*** Begin section ***
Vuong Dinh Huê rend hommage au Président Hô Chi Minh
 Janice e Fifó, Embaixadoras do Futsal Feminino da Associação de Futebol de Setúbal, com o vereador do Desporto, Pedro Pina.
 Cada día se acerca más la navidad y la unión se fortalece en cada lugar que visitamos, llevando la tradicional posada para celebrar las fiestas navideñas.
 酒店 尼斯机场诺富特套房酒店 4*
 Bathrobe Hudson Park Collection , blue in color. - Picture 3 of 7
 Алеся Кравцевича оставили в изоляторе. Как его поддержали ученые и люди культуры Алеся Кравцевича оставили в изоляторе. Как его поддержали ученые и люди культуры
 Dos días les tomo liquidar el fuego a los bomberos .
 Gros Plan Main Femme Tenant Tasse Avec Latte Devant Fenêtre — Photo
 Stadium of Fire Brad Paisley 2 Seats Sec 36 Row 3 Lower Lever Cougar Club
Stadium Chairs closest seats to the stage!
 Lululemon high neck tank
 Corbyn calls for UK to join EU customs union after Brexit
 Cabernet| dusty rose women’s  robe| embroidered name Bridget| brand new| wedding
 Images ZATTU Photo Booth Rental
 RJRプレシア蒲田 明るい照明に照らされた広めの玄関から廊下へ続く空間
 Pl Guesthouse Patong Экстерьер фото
*** End section ***
- _Try it_: Would you please show every line of the material above that includes the string "Photo"?

- _Solution below_:
 Gros Plan Main Femme Tenant Tasse Avec Latte Devant Fenêtre — Photo
 Images ZATTU Photo Booth Rental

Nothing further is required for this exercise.